:: DATA SHOWN ::
>>>
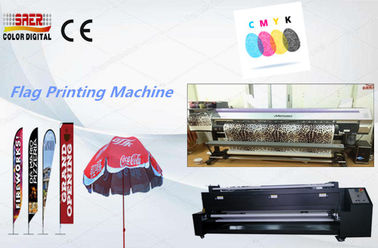 Machine d'impression extérieure de tissu de polyester de Digital d'imprimante de textile de Mimaki de drapeau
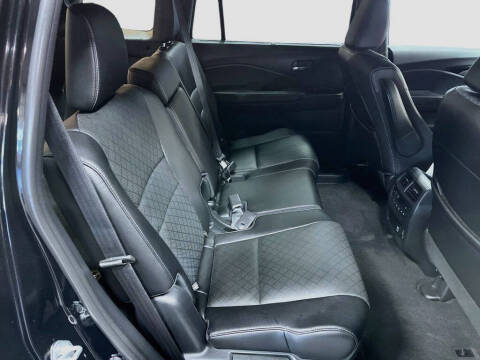 2021 Honda Passport Elite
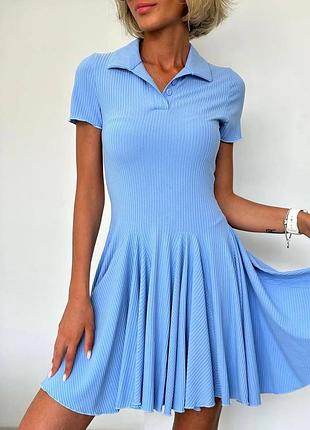 Сукня коротка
<<<
Transcribe all of the data above verbatim but omit every picture.

 Machine d'impression extérieure de tissu de polyester de Digital d'imprimante de textile de Mimaki de drapeau
 2021 Honda Passport Elite
 Сукня коротка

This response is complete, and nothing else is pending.